Abbiamo quindi visto che un coach dovrebbe essere capace di creare un piano di allenamento personalizzato, dispensare conoscenze adeguate e precise, assistere nella pianificazione di una stagione agonistica ed essere dedicato a salvaguardare l’atleta anche per il futuro. Ma che cosa deve mettere in gioco l’atleta in questa relazione a due? Come si deve comportare rispetto al coach?
Prima di tutto, anche per importanza, si deve prendere un coach solo avendo un’idea chiara e precisa di quali obiettivi si vogliono raggiungere, a quali gare si vuole partecipere e con quali risultati. Comprensibilmente, queste aspirazioni devono essere ragionevoli e raggiungibili e molto spesso il coach può aiutare a definirle con maggiore precisione, qualche volta moderando, qualche volta stimolando e alzando l’asticella. L’ossatura del programma di allenamento sarà costruita infatti su queste basi.
In seconda battuta, è fondamentale che ci sia il feedback dell’atleta al coach; questo non significa che l’atleta debba telefonare al coach dopo ogni sessione di allenamento, ma che sia pronto a dare un riassunto della settimana, riportando in modo chiaro le prestazioni, le sensazioni e qualunque tipo di infortunio o malattia. I grafici della frequenza cardiaca possono essere utili a spiegare meglio dei lavori complicati come ripetute o scatti in salita.

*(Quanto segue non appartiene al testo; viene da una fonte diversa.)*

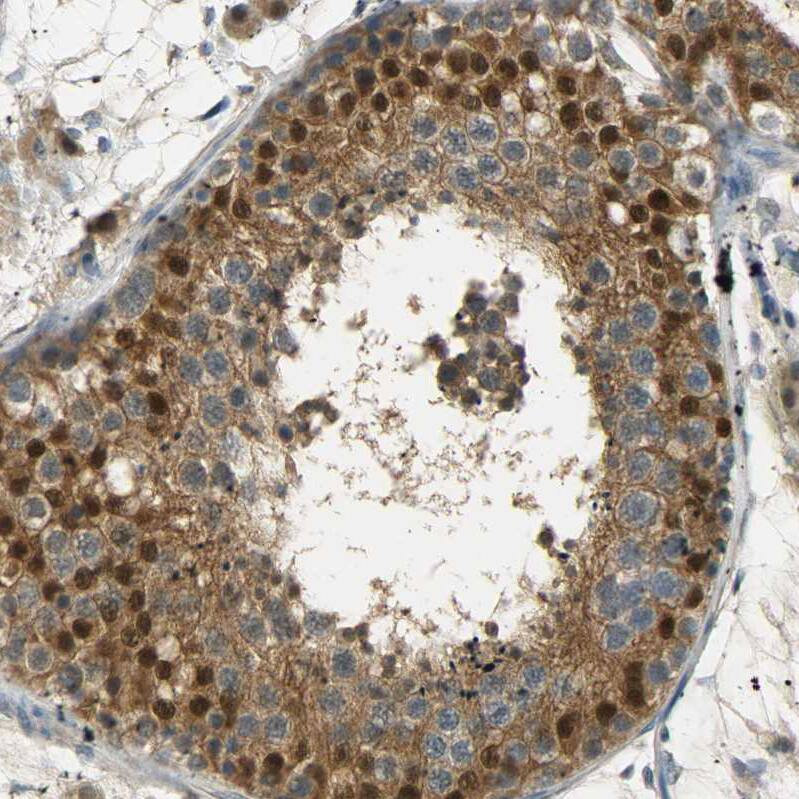 Immunohistochemistry-Paraffin USP13 Antibody - BSA Free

Terzo, l’atleta dovrebbe rispettare gli allenamenti prescritti. Questo non gli nega la possibilità di esprimere la propria opinione sulle sessioni di allenamento, il loro ordine, la lunghezza o intensità, ma queste devono essere rispettate alla lettera, una volta che siano state concordate. Saltuariamente, a causa di imprevisti, l’atleta può non riuscire a fare la sessione richiesta, ma in questi casi è fondamentale che avvisi il coach, di modo che si possano apportare le necessarie (eventuali) modifiche al programma.